╭─ Provided entries

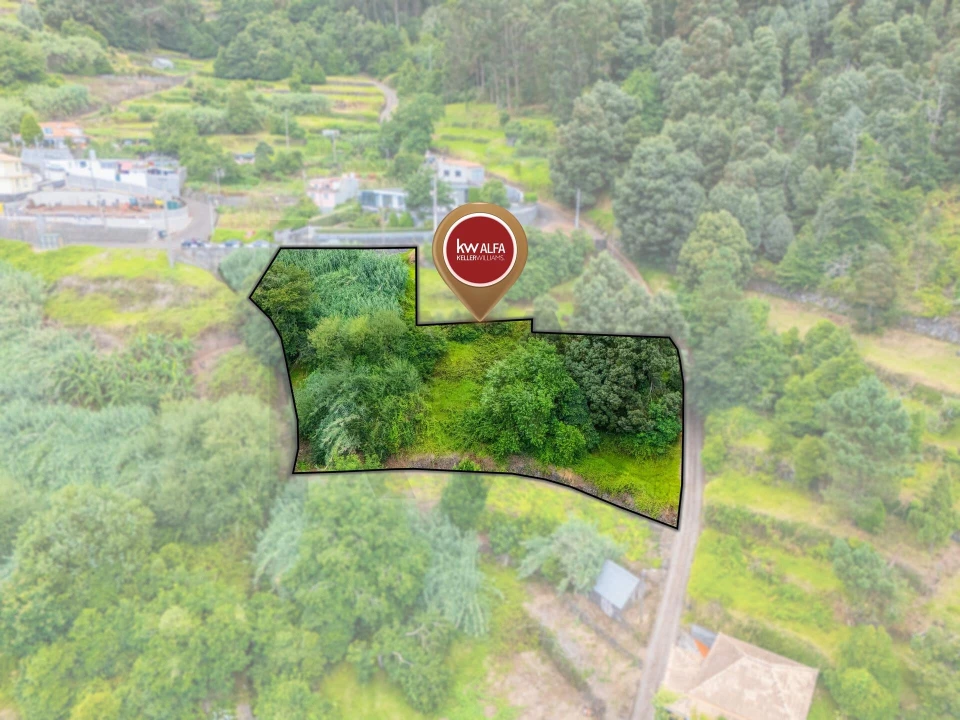 Terreno para Venda em Arco da Calheta Foto 2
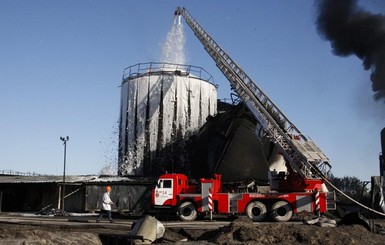 Пожар на нефтебазе: горит еще один резервуар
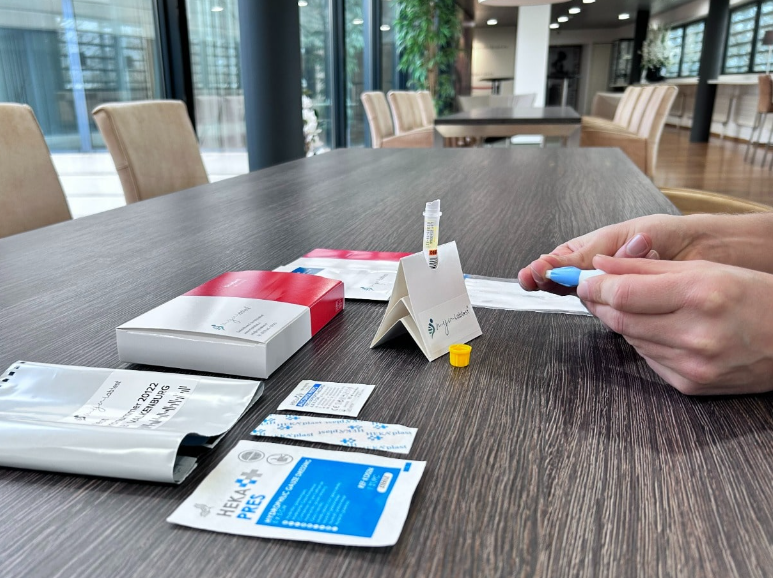 Het afnameproces bij een schildklier profiel bloedonderzoek. Je kunt de test eenvoudig zelf afnemen. Het afnameproces bij een schildklier profiel bloedonderzoek. Je kunt de test eenvoudig zelf afnemen.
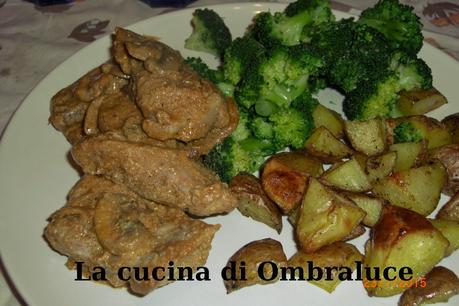 Straccetti di maiale in salsa di funghi con patate e broccoli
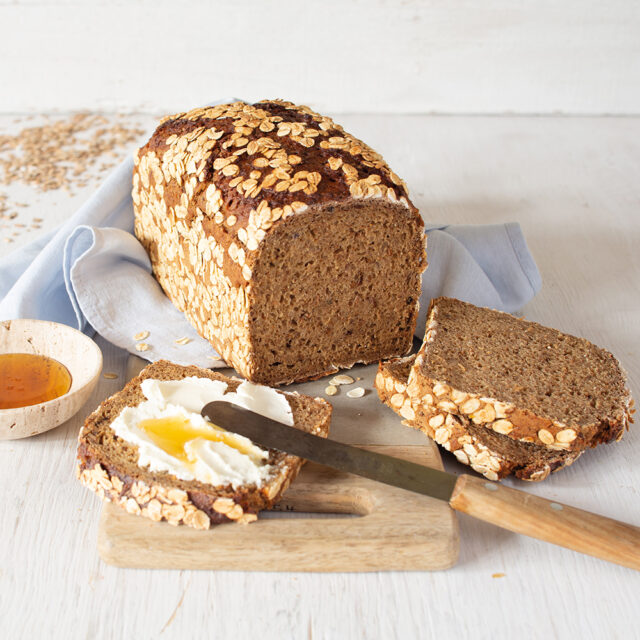 Rechteckiges Honig Brot mit Slow Milling Roggenmalz-Flocken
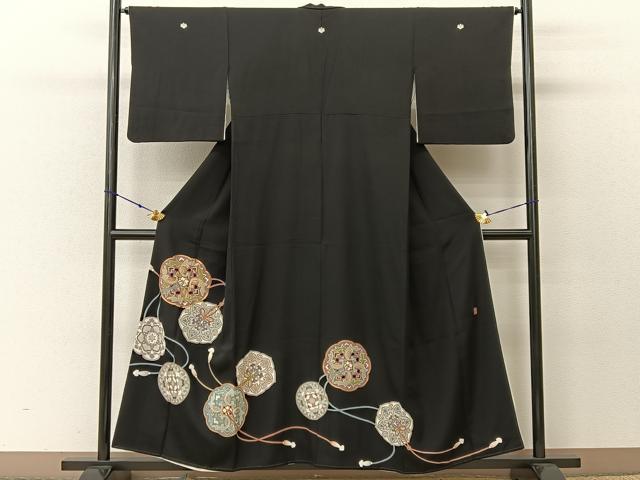 平和屋着物■豪華黒留袖　作家物　駒刺繍　鏡裏花文　金彩　正絹　逸品　BAAV2331hj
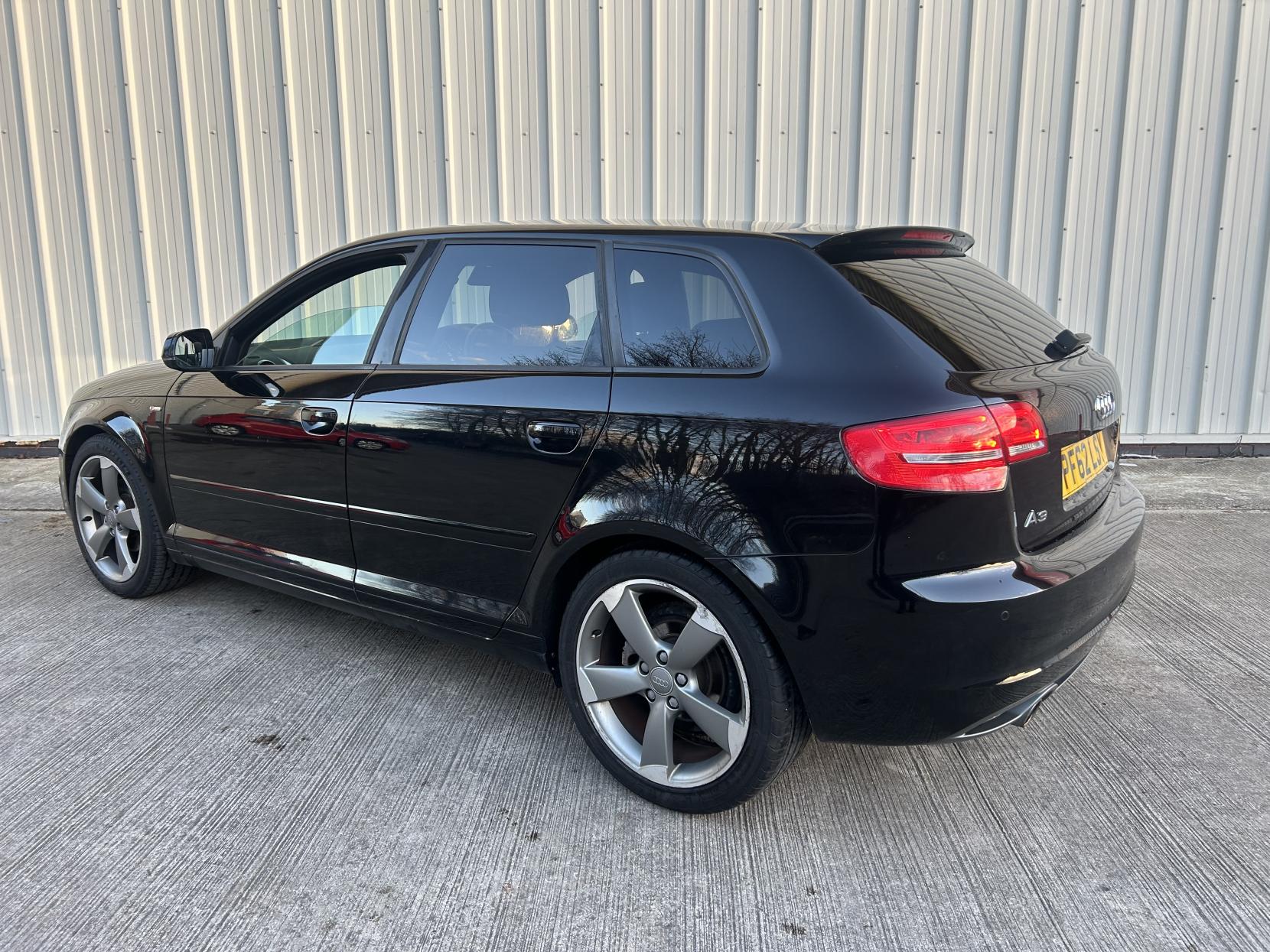 Audi A3 2.0 TDI Black Edition Sportback 5dr Diesel Manual Euro 5 (s/s) (140 ps)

╰─

Exercise —
Please retype, exactly and only, the lines from the one holding "Rechteckiges Honig Brot" to the end of the entries, both ends included, without any pictures.

Problem solution —
 Rechteckiges Honig Brot mit Slow Milling Roggenmalz-Flocken
 平和屋着物■豪華黒留袖　作家物　駒刺繍　鏡裏花文　金彩　正絹　逸品　BAAV2331hj
 Audi A3 2.0 TDI Black Edition Sportback 5dr Diesel Manual Euro 5 (s/s) (140 ps)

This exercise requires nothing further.